Data shown »
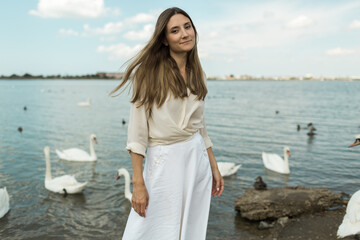 young woman stands next to a beautiful lake and white swans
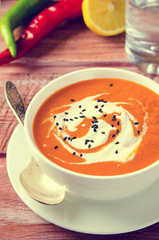 Pumpkin Soup with tomatoes, chili, yogurt and black sesame seeds
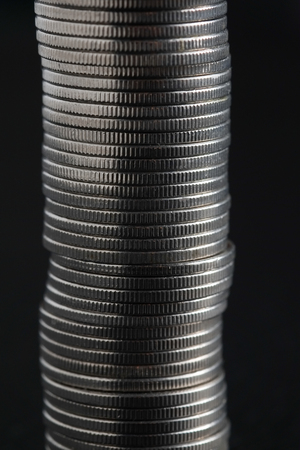 business finance. save money for investment concept coins on black backgroundの写真素材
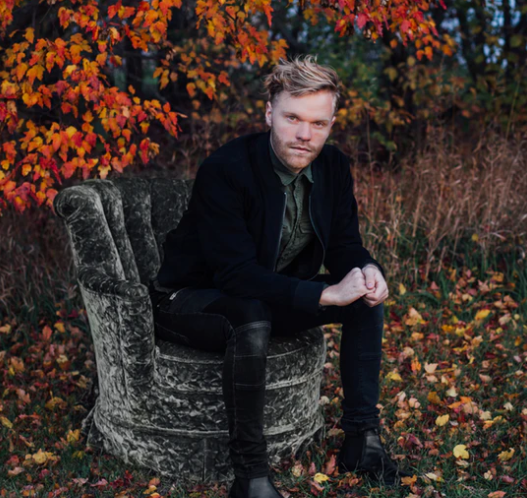 a man in a suit and autumnal tree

About this task » Without any pictures, please write out the lines from the one containing "Pumpkin Soup with" through the final line of the data, exactly and inclusive of both ends.

Result of this exercise »
 Pumpkin Soup with tomatoes, chili, yogurt and black sesame seeds
 business finance. save money for investment concept coins on black backgroundの写真素材
 a man in a suit and autumnal tree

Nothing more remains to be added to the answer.